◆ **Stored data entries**

++++++++++

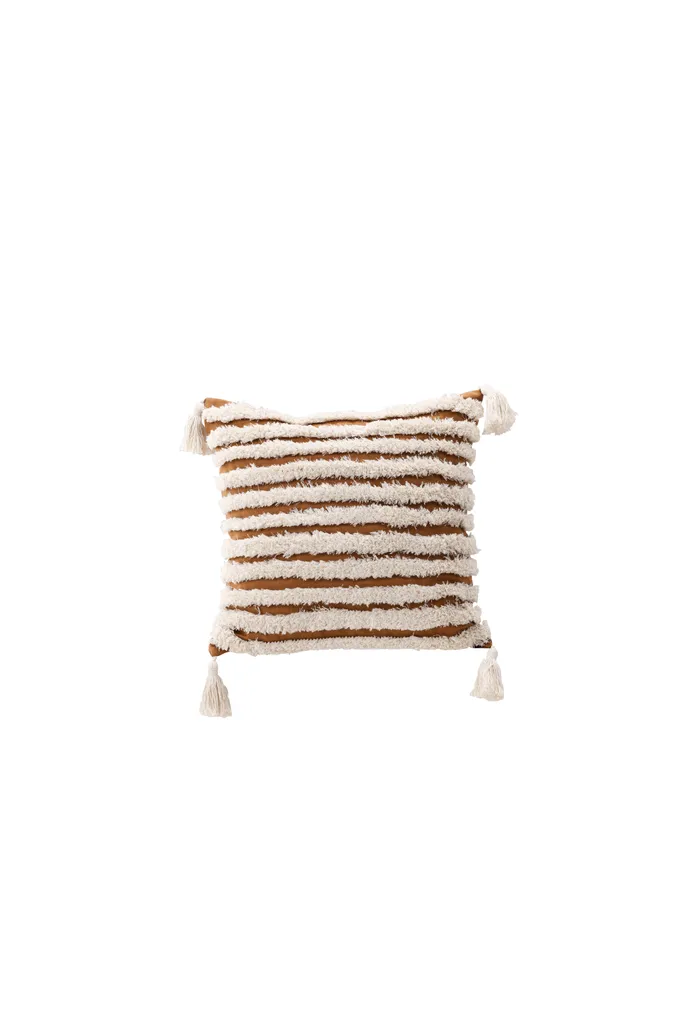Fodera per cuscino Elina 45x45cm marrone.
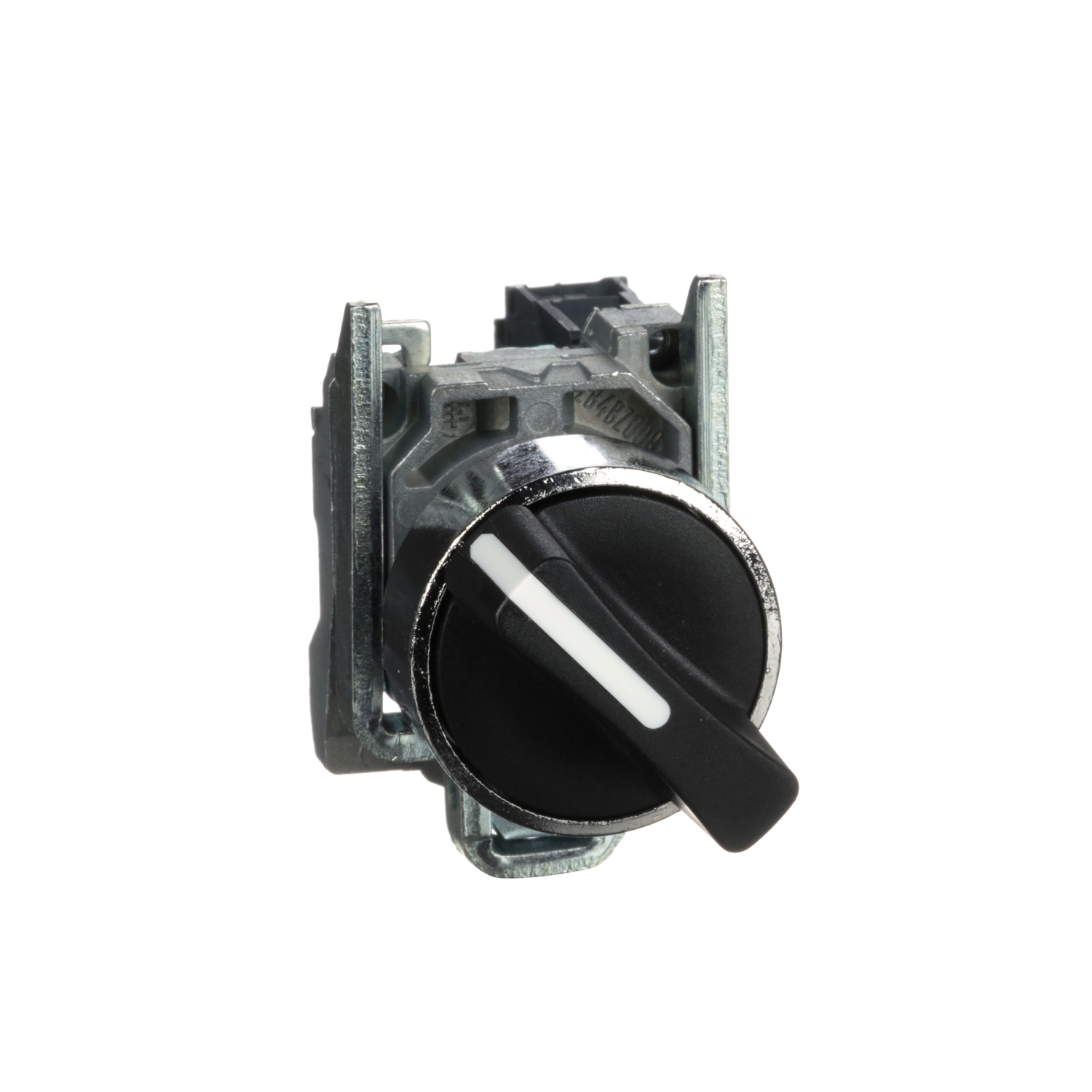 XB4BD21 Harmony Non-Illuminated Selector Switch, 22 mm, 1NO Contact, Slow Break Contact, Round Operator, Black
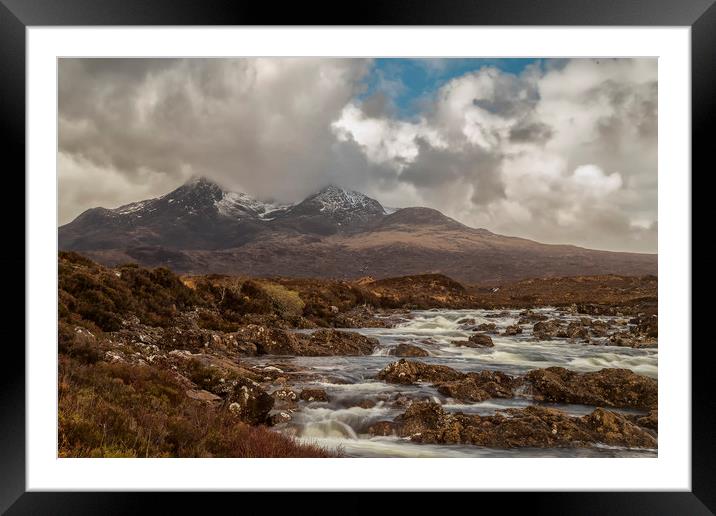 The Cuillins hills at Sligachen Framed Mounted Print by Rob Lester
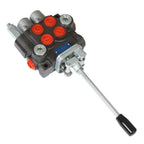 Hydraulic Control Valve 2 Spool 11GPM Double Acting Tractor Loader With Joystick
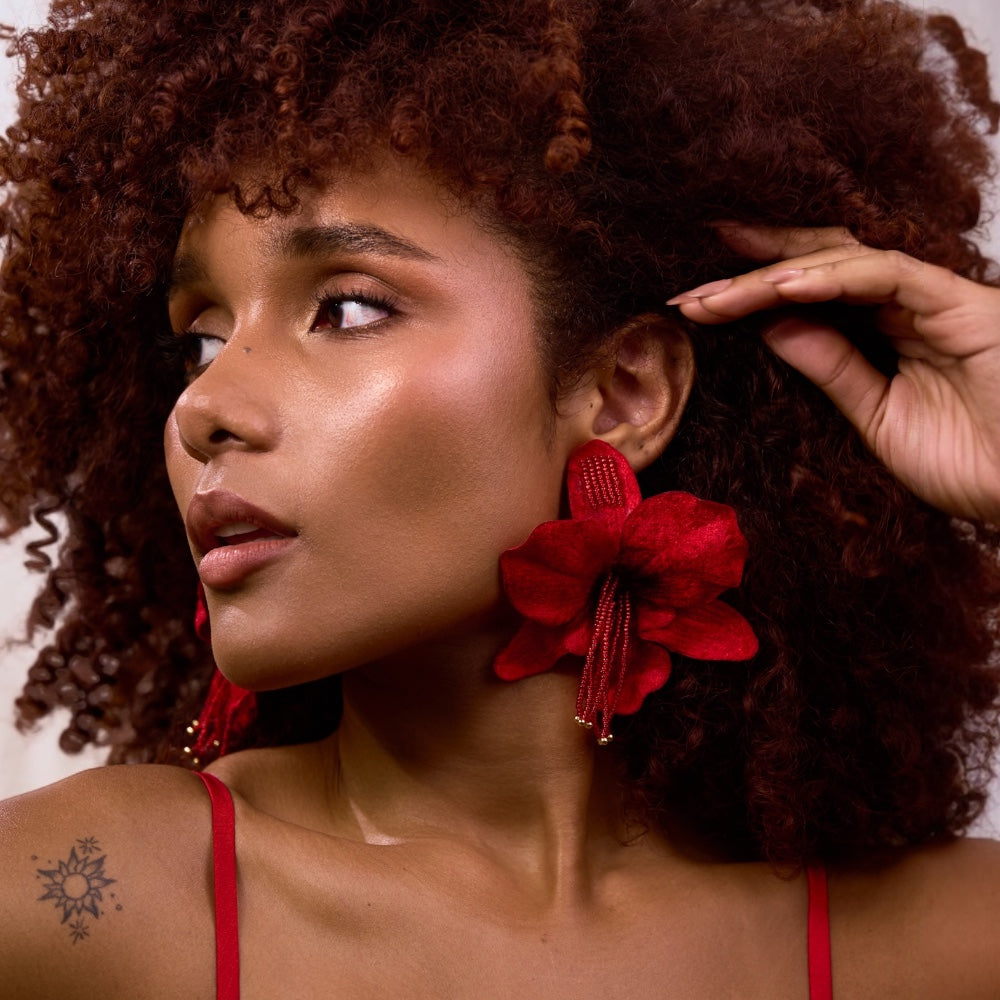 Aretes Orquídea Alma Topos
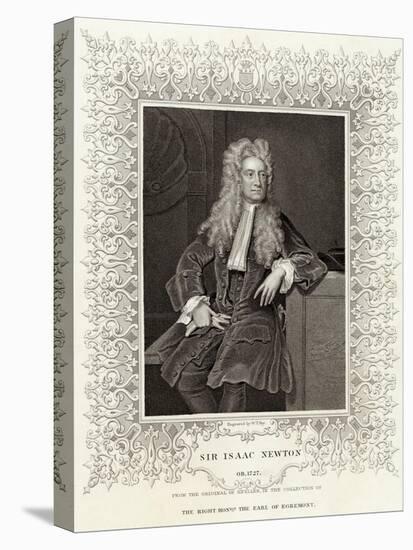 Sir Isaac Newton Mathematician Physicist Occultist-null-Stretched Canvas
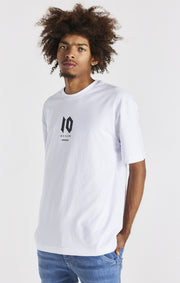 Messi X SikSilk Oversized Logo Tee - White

++++++++++

Copy all entries exactly; skip pictures.

◆ **OUTPUT OF THE EXERCISE**
Fodera per cuscino Elina 45x45cm marrone.
 XB4BD21 Harmony Non-Illuminated Selector Switch, 22 mm, 1NO Contact, Slow Break Contact, Round Operator, Black
 The Cuillins hills at Sligachen Framed Mounted Print by Rob Lester
 Hydraulic Control Valve 2 Spool 11GPM Double Acting Tractor Loader With Joystick
 Aretes Orquídea Alma Topos
 Sir Isaac Newton Mathematician Physicist Occultist-null-Stretched Canvas
 Messi X SikSilk Oversized Logo Tee - White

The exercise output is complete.